His mother may not like to hear this, but Jason Stanford is an opposition researcher.
"Oh God, yes, my mom tells people I'm a used car dealer," Stanford jokes.
He heads up his own political consulting firm that specializes in researching the public records of political candidates. And he knows what people outside of politics think of the work he does.
"When people think about opposition research, they think about going on bimbo patrol. What opposition research really is, is looking for relevant public records that help voters make choices," Stanford said. "And most often all voters really care about is, what did you say, who did you take money from and what did you vote for."
But when someone hires Stanford, Job One isn't figuring out how to take an opponent down. It's about what in his client's past could hurt the campaign.
"A lot of times we'll find that someone lived in an area that was zoned whites only. Or they had an old tax lien that they had in the '80s. Or they kind of forgot to vote a whole bunch," Stanford said.
Once the defensive research is out of the way, it's time to go on offense. Stanford admits there's nothing very high-minded about it. A candidate wants to know the dirt on their opponent -- something, anything, that could help defeat them in the election.
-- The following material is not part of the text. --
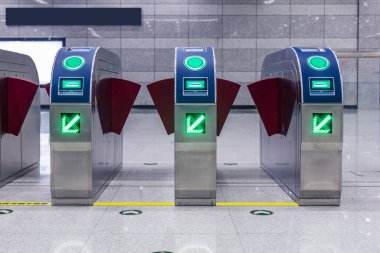 Metro giriş ve çıkış kapısı makinesi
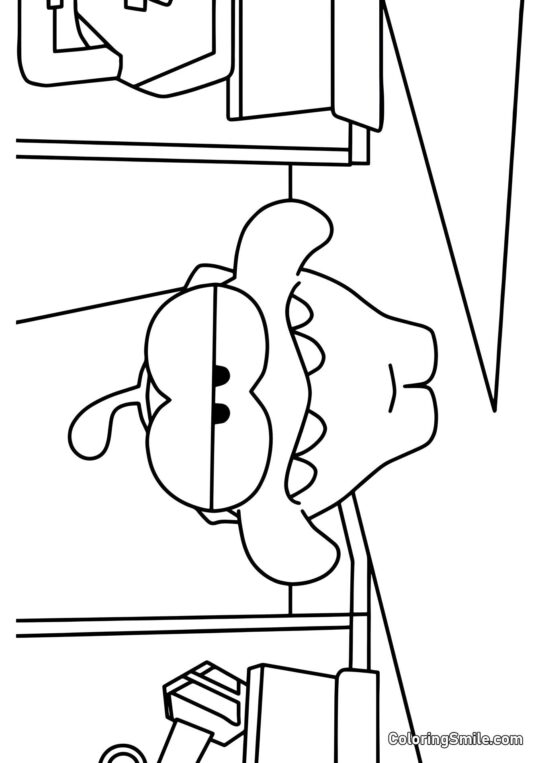Om Nom na Academia - Página para Colorir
The first step: a run-of-the-mill Google search to see what quotes or stories come up on the candidate. Then it's on to public record databases where you can find everything from traffic tickets to bankruptcies.
It all sounds a lot more mundane then you'd expect. But that's not to say Stanford doesn't get more ambitious research requests from clients who have heard rumors about their opponents and want to find documentation of the despicable act.
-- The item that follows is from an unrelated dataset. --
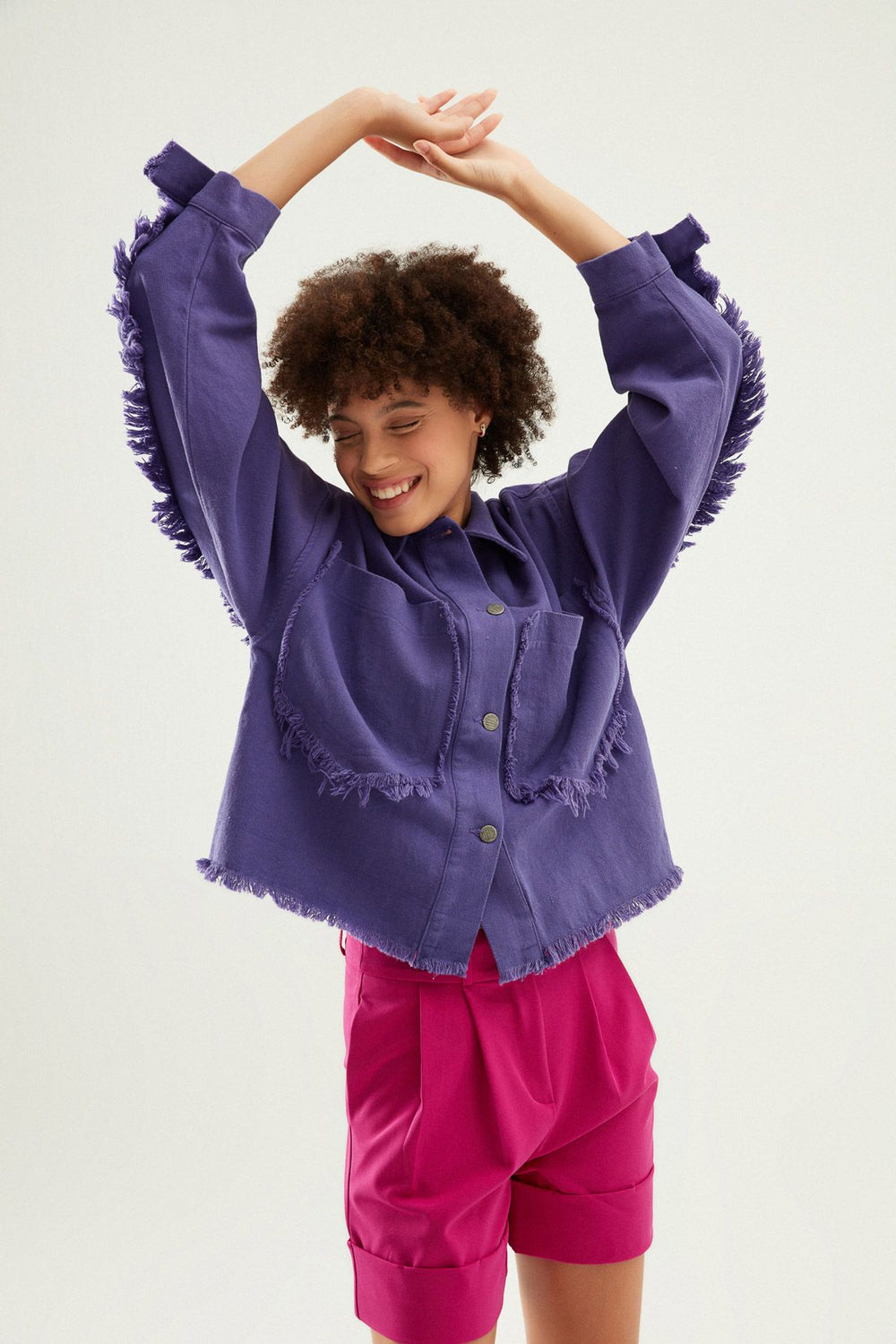 Tasseled Jacket Purple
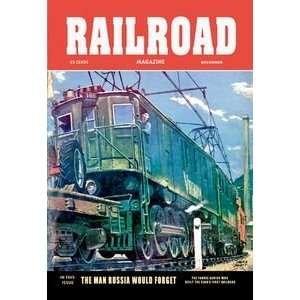  Railroad Magazine The Virginian, 1952   Paper Poster (18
"I know that he killed someone and had to go live in Florida for two years. That's a true story. I wish I was making this up. We literally kept that fax because it was so ridiculous. It's taped up to a wall over here somewhere," Stanford said.
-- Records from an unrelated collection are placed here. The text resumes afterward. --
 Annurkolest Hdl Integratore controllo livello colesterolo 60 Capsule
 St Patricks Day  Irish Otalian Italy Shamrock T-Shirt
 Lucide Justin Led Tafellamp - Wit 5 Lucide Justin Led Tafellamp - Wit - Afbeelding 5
Whatever the research is, it usually ends up one of two places: Paid political ads, like mailers, TV or web videos. Or at a local news outlet.
Ramsey is often a depository for opposition research handed out by political campaigns in an effort to discredit opponents. Some of the envelopes are clearly marked, addressed from a campaign or consultant. But not always.
"My favorite one this year was someone sent me an envelope full of information about a candidate in the Lt. Governor's race that was from Ross Ramsey… to Ross Ramsey. So I think future Ross Ramsey might have sent me some information," Ramsey joked.
So what does a news organization do with these tips? Especially when you consider the goals behind each brown envelope. Ramsey said it's like any other tip that comes into a newsroom.
"People say you ought to look at this, you ought to look at that. And you look at some of them and you say, oh, that's a story and you investigate it and run it down and it is a story. And some of the things that come in as tips you look at them and say, for one reason or another, you know, that's not a story," Ramsey said. "Just because something is damaging to a candidate and came from their opponent, doesn't mean it's not a story. It just means you've really got to check it out."
But Ramsey says there are some brown envelopes that don't get follow-ups. That includes claims of youthful indiscretion that are used as reasons someone shouldn't be elected now.
"So and so did this when they were 17, so now that they're 53, they're unqualified to…. And sometimes you look at those and you go that may actually be right. More often you look at them and say, this is old information. What else you got?"
And with less than two weeks before the March primaries, opposition researchers probably have plenty more to share.